Father Mbaka, Buhari And Jonathan, By Victor Agusiobi

Rev Mbaka
Rev. Father. Ejike Mbaka, the young, fiery Catholic priest of the Adoration Ministry Enugu fame is a well talented man of God and quite combative in his evangelism. He is most importantly known in these parts for his outspokenness and fearlessness in interrogating power.
In fact any memoirs of erstwhile Governor Chimaroke Nnamani of Enugu State that is devoid of at least a substantial mention of his encounter with Fr. Mbaka will obviously suffer a literary and historical flaw and hiatus. The revered and often loquacious priest sufficiently engaged the former governor and kept him on the edge for a good while.

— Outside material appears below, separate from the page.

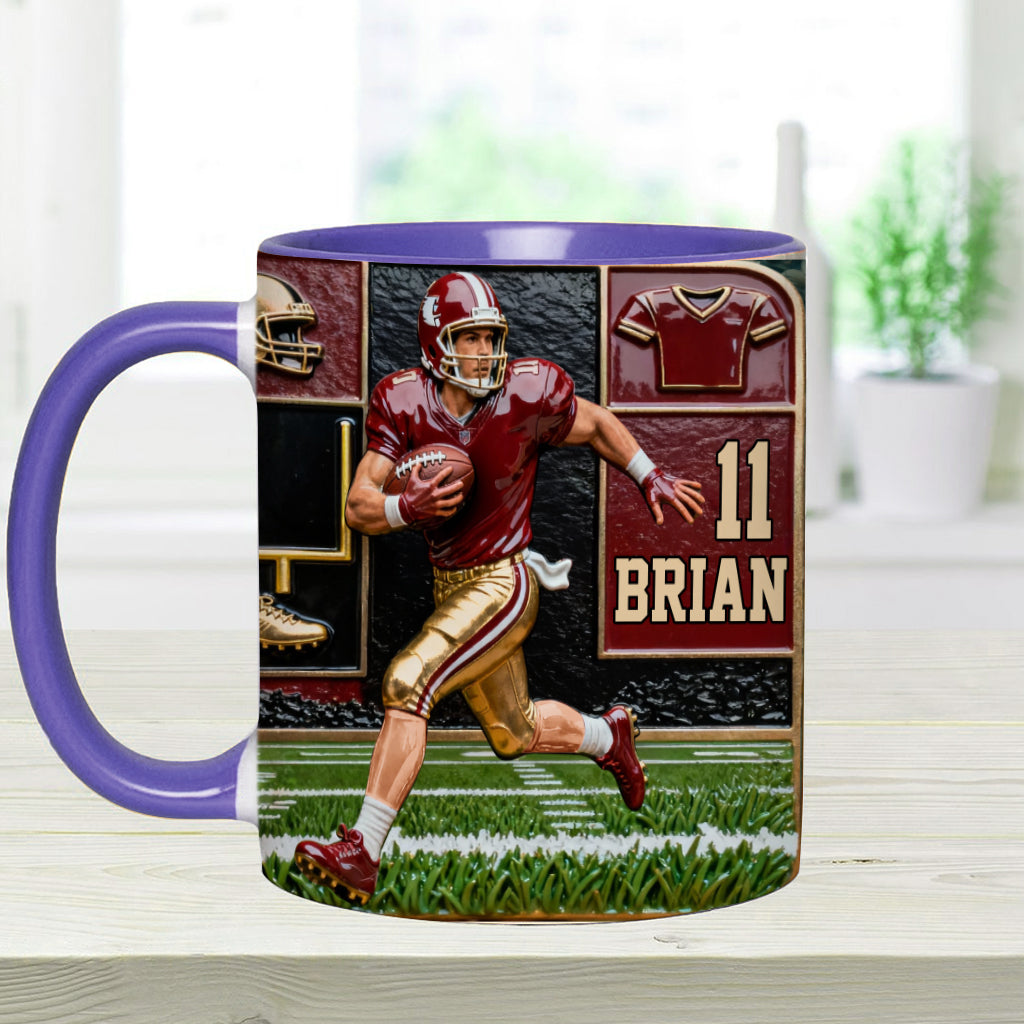 Love Football - Personalized Football Accent Mug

After years of the practice of his brand of evangelism, Mbaka has come to master the art. With a creative combination of the solemnity and compelling meditation attendant to the liturgy of the catholic church; the combative and sometimes aggressive prayers of the Pentecostal mode with its occasional lapse into a staccato of strange, seemingly cacophonous language together with the fear-inspiring, masquerade-invoking sensationalistic features of native African religion using the gong, Mbaka has been able to achieve a mass appeal and has become an asset of legendary proportions raking in money, men and materials to the catholic church. He has also dispensed much in charity to the less privileged in his native Enugu state.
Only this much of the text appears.